Deleting the same address twice: This will likely insert a cycle/loop into the free list, losing much of the old freelist and leading to problems on later allocations.
Out-of-bounds indexing: If the code to access an array in a valid block of memory goes out of bounds, it can overwrite the size and address link in the following block of memory, corrupting the freelist.
- Or it can overwrite its own size creating a problem when it gets deleted.

4.1 Fragmentation

A new allocation request, e.g.,

string* t = new string("ABC");

requires the OS to search the free list for a block of appropriate size

4.1.1 Searching the free list

Common schemes are
first fit — choose the first block in the free list that is big enough
best fit — choose the block in the free list that is closest to the requested size from among those that are no smaller than the requested size.

If a block is “big enough” but is larger than we need, what do we do with the rest of the block.

4.1.2 Dealing with Inexact size matches

Return the whole over-sized block
- Safe, but wastes memory.
Oversized blocks are split up
- When blocks are split up, the remainder is placed back on the free list.
  
  Over time, a program that does many allocations and deletes may find more and more storage wasted on small fragments left on the free list, too small to be useful.
  
  This is called fragmentation.

4.2 Performance

Free list length could be O(k) where k is the total number of deletes
Since each new requires a search of that list, new becomes O(k)
- instead of O(1), as usually assumed
delete is O(1).

This explains why, on occasion, you will find a program that has been running for a long time seems to be getting slower and slower. The free list is being choked with small fragments, so new allocation requests are taking longer and longer.

If such a program is run long enough, it may crash when an allocation request can no longer be satisfied, even though there is more than enough free memory in total.

4.2.1 Compaction

Some malloc/free systems try to reduce or eliminate fragmentation:

One way is to use compaction: As regions are freed, sort them by address so that adjacent regions of memory are also adjacent within the free list.
- Adjacent free regions can then be merged to form a single, larger region.
- Now delete is worst case O(k).
- but k might be smaller

4.2.2 Uniformly-sized Pools

Another idea: only allocate regions in selected sizes: 1, 2, 4, 8, 16, 32, 64, …
- E.g., If a request is made for 10 elements, a 16-element regions is actually returned.
- A separate free list is kept for each size of region.
- Larger regions can be split in half to form two smaller regions, when necessary.
- new and delete remain O(1)
  - but storage utilization may suffer — on average wastes 25% of memory

Even with all this, you can see why sometimes we would prefer to handle our own storage management.
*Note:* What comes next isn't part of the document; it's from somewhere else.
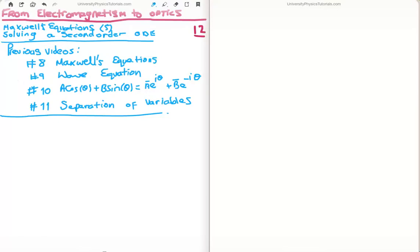In this video I'm going to continue on bringing us from electromagnetism to optics. This is video number 12, or video 5 in the subsection of Maxwell's equations. Specifically I'm going to discuss how to solve a second order ordinary differential equation. The previous relevant videos are number 8 where I discuss Maxwell's equations, 9 where I derived the wave equation, 10 where I showed how to manipulate sinusoids and cosinusoids to become complex exponentials, and 11 where I discuss separation of variables.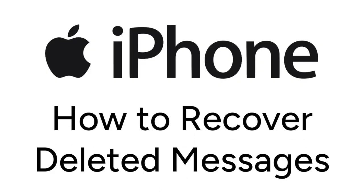Accidentally deleted a message on your iPhone and want it back? We're here to help. I'm Jessica, and in this video, I'll show you how to recover deleted messages on iPhone. Now let's get started.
Implementing our own freelist let’s us do allocation and freeing of memory in O(1) time, because all of the data objects on our own freelist will be of uniform size. The more general problem of allocating and freeing memory of different data types of many varying sizes is much harder, and will either have a complexity proportional to the number of prior deletions, or will waste a substantial fraction of all memory.